An exact transcription of all the data is required, with every image removed.

RECORDED INFORMATION:
○ ○ ○

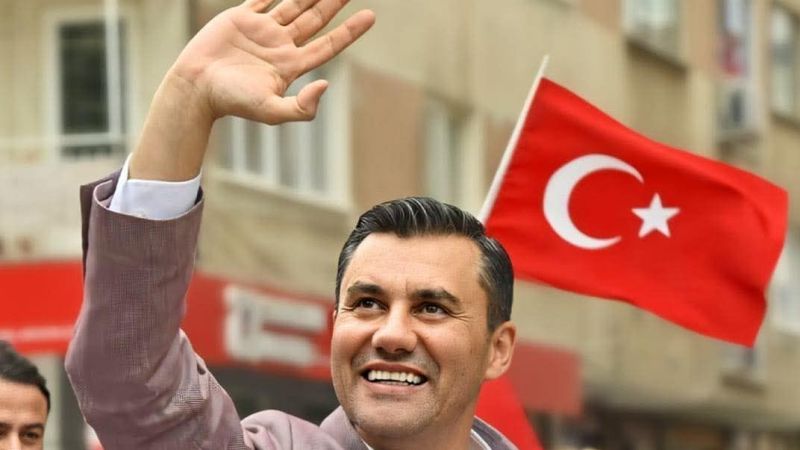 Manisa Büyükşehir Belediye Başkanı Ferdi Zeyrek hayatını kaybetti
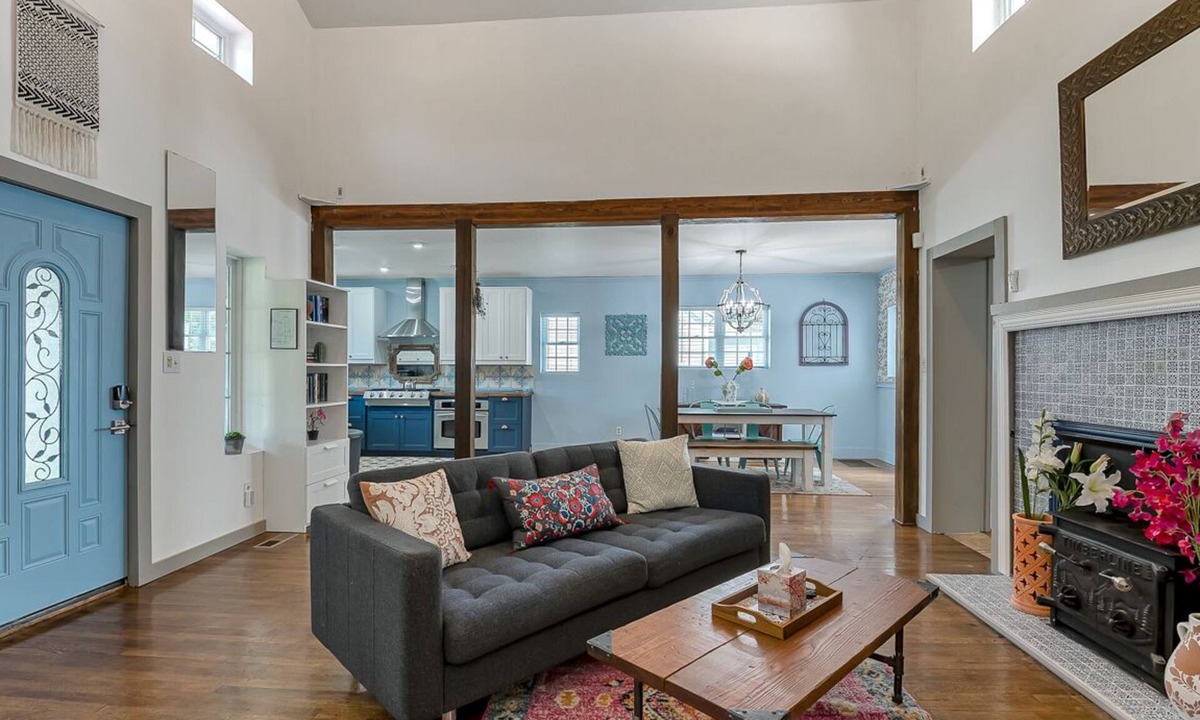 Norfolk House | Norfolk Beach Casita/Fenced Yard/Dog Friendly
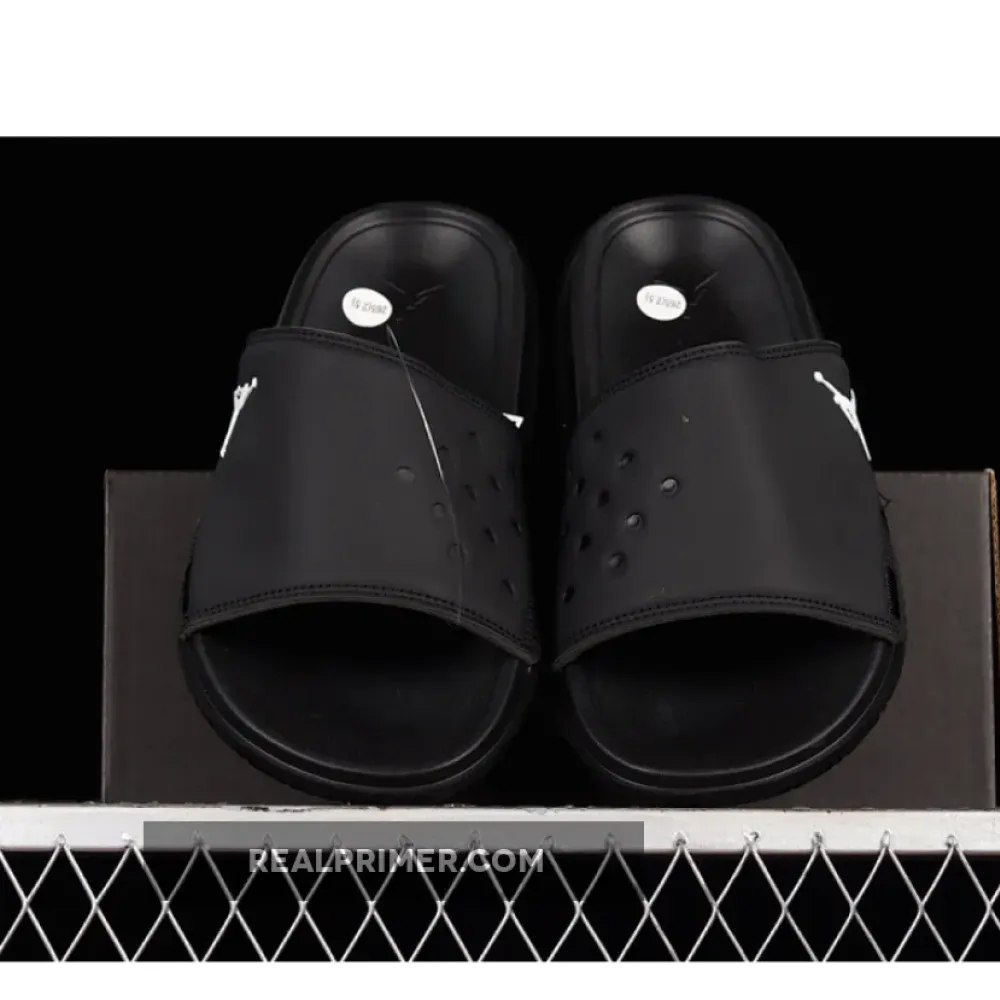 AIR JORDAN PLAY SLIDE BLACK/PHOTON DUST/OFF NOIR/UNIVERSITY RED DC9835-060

○ ○ ○

SOLUTION TO THIS TASK:
 Manisa Büyükşehir Belediye Başkanı Ferdi Zeyrek hayatını kaybetti
 Norfolk House | Norfolk Beach Casita/Fenced Yard/Dog Friendly
 AIR JORDAN PLAY SLIDE BLACK/PHOTON DUST/OFF NOIR/UNIVERSITY RED DC9835-060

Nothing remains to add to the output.